* [Supplied material]
______
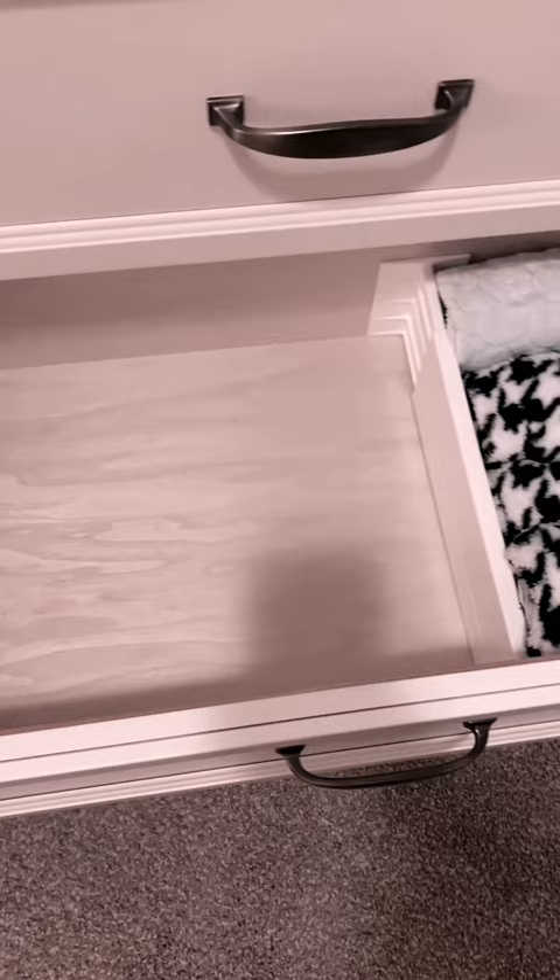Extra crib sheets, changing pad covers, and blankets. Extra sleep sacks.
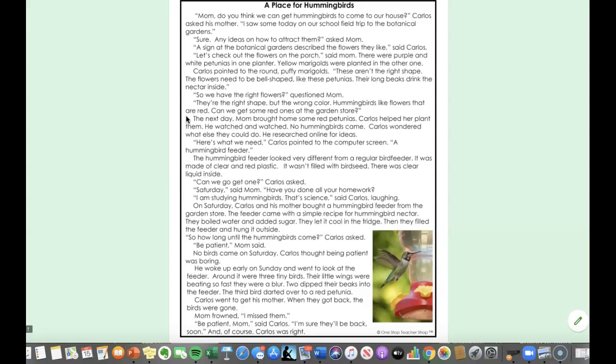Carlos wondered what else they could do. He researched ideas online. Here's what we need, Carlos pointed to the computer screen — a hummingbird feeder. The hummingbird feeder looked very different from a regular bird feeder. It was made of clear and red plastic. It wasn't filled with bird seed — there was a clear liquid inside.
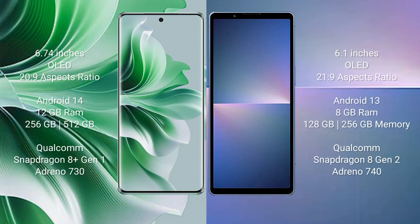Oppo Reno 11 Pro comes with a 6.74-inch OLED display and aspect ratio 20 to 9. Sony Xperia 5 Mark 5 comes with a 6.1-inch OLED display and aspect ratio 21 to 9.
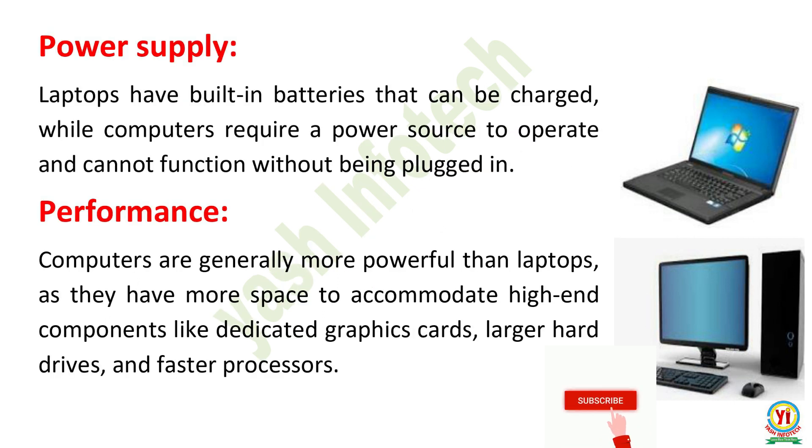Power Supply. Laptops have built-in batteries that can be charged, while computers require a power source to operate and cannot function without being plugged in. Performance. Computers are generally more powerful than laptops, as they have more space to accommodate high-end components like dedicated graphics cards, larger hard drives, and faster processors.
______
* [Exercise requirements] Quote, exactly and only, the lines from the first line of the data above through the line containing "Carlos wondered what". The pictures do not belong in it.

* [Exercise solution]
Extra crib sheets, changing pad covers, and blankets. Extra sleep sacks.
Carlos wondered what else they could do. He researched ideas online. Here's what we need, Carlos pointed to the computer screen — a hummingbird feeder. The hummingbird feeder looked very different from a regular bird feeder. It was made of clear and red plastic. It wasn't filled with bird seed — there was a clear liquid inside.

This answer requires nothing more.